Comme un peintre le ferait avec ses pinceaux, Virginie Piotrowski dispose sur le mur dessins, maquettes, lampes et matériaux bruts pour recréer une œuvre globale et disparate que le spectateur est invité à reconstituer mentalement, comme s’il se trouvait devant une immense peinture constructiviste. Libre à lui de donner alors à cette suite un déchiffrage selon ses propres codes, en s’appuyant sur les indices formels ou sémantiques que l’artiste a posés dans sa mise en place. Virginie Piotrowski, à son habitude, joue sur plusieurs registres, intercalant réel et virtuel, image et objet, dessin réaliste et photographie. Par ce jeu de renvois, de juxtapositions et de confrontations, elle nous immerge progressivement dans ce qui, au premier regard, ressemble à un inventaire, qui prend forme et consistance à mesure qu’on l’observe et qu’on s’y promène.
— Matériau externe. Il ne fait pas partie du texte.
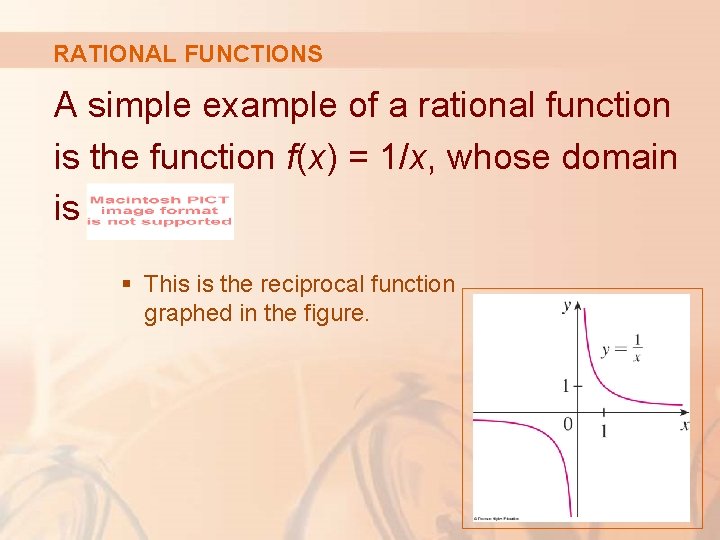 RATIONAL FUNCTIONS A simple example of a rational function is the function f(x) =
Disposant ici d’un mur de dix mètres, la plasticienne a joué sur l’étalage dans la longueur et donc sur la surface. La troisième dimension est créée par la superposition de plans et par les perspectives fictives des dessins et des photos. Le mur se transforme ainsi en un point focal d’étalonnage fixe vers lequel le regard peut revenir dans son perpétuel aller et retour entre chaque élément. L’échelle joue également un rôle important dans cette installation. Les maquettes et représentations au crayon d’échafaudages retiennent le concept de gigantesque qui vient butter contre les surfaces réfléchissantes qui recomposent virtuellement la structure de la salle d’exposition, en la fragilisant dans une image translucide qui se superpose aux dessins par l’utilisation de vitres. Virginie Piotrowski ne partage pas seulement sa réflexion, mais nous fait entrer dans son processus d’élaboration de l’œuvre, comme si elle transposait en réalité un fragment de son atelier. Le fait que certains objets soient simplement posés contre le mur, accentue cette première compréhension d’une installation en suspens et introduit le concept de temporalité et de mouvement implicite, cette idée étant corroborée par l’image de chantier et d’architecture. L’artiste crée une œuvre globale, à appréhender progressivement, par niveaux successifs.